2. duplicating the string for each recorded error is not deemed to
   use a lot of memory:
     * error strings are usually NULL or short (often 10 bytes or so).
     * we expect no program has a huge number of errors
   If ever this string duplicate would be significant, having a DedupPoolAlloc
   in m_errormgr.c for these strings would reduce this memory (as we expect to
   have very few different strings, even with millions of errors).



git-svn-id: svn://svn.valgrind.org/valgrind/trunk@14214 a5019735-40e9-0310-863c-91ae7b9d1cf9
diff --git a/NEWS b/NEWS
index 645bbf5..1231937 100644
--- a/NEWS
+++ b/NEWS
@@ -16,6 +16,10 @@
   - new leak check heuristic 'length64' to detect interior pointers
     pointing at offset 64bit of a block, when the first 8 bytes contains
     the block size - 8. This is e.g. used by sqlite3MemMalloc.
+  - if a syscall param (e.g. bind struct sockaddr, sendmsg struct msghdr,
+    ...) has several fields not initialised, an error is now reported for
+    each field. Previously, an error was reported only for the first wrong
+    field.
 
 * Helgrind:
   - Race condition error message with allocated blocks also show
diff --git a/coregrind/m_errormgr.c b/coregrind/m_errormgr.c
index e7de4eb..3143d78 100644
--- a/coregrind/m_errormgr.c
+++ b/coregrind/m_errormgr.c
@@ -677,7 +677,8 @@
    All detected errors are notified here; this routine decides if/when the
    user should see the error. */
 void VG_(maybe_record_error) ( ThreadId tid, 
-                               ErrorKind ekind, Addr a, const HChar* s, void* extra )
+                               ErrorKind ekind, Addr a, 
+                               const HChar* s, void* extra )
 {
           Error  err;
           Error* p;
@@ -818,9 +819,17 @@
          break;
    }
 
+   /* copy the error string, if there is one.
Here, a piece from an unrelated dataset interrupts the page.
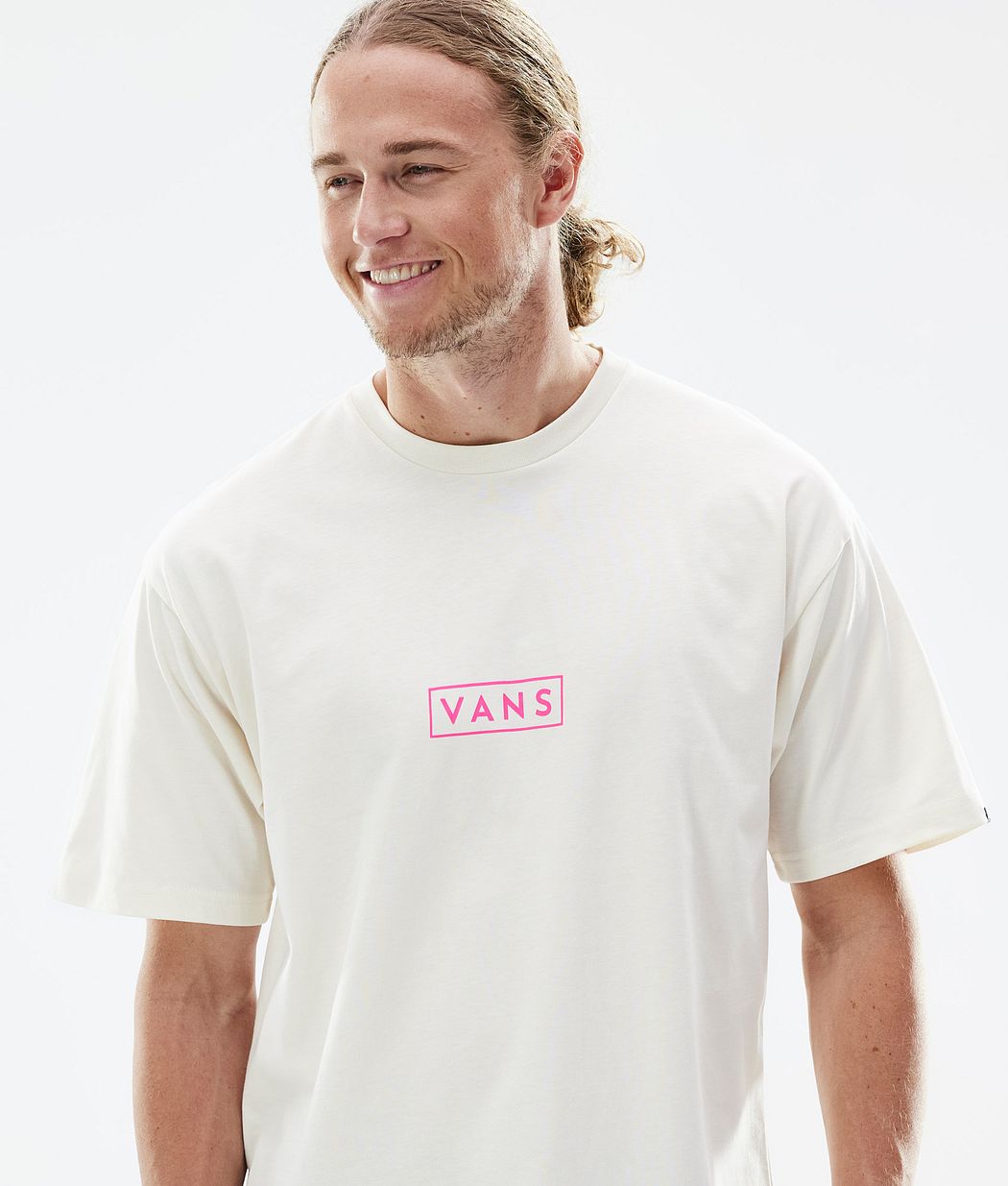 Vans Classic Easy Box T-shirt Heren Antique White/Pink Glo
+      note: if we would have many errors with big strings, using a
+      DedupPoolAlloc for these strings will avoid duplicating
+      such string in each error using it. */
+   if (NULL != p->string) {
+      p->string = VG_(arena_strdup)(VG_AR_CORE, "errormgr.mre.2", p->string);
+   }
+
    /* copy block pointed to by 'extra', if there is one */
    if (NULL != p->extra && 0 != extra_size) { 
-      void* new_extra = VG_(malloc)("errormgr.mre.2", extra_size);
+      void* new_extra = VG_(malloc)("errormgr.mre.3", extra_size);
       VG_(memcpy)(new_extra, p->extra, extra_size);
       p->extra = new_extra;
    }
@@ -870,7 +879,7 @@
       Then update the 'extra' part with VG_(tdict).tool_update_extra),
       because that can have an affect on whether it's suppressed.  Ignore
       the size return value of VG_(tdict).tool_update_extra, because we're
-      not copying 'extra'. */
+      not copying 'extra'. Similarly, 's' is also not copied. */
    (void)VG_TDICT_CALL(tool_update_extra, &err);
 
    su = is_suppressible_error(&err);
@@ -1514,10 +1523,11 @@
       // n_expanded >= n_ips_expanded.
 
       Int* n_offsets_per_ip;
-      // n_offsets_per_ip[i] gives the nr of offsets in fun_offsets and obj_offsets
-      // resulting of the expansion of ips[i].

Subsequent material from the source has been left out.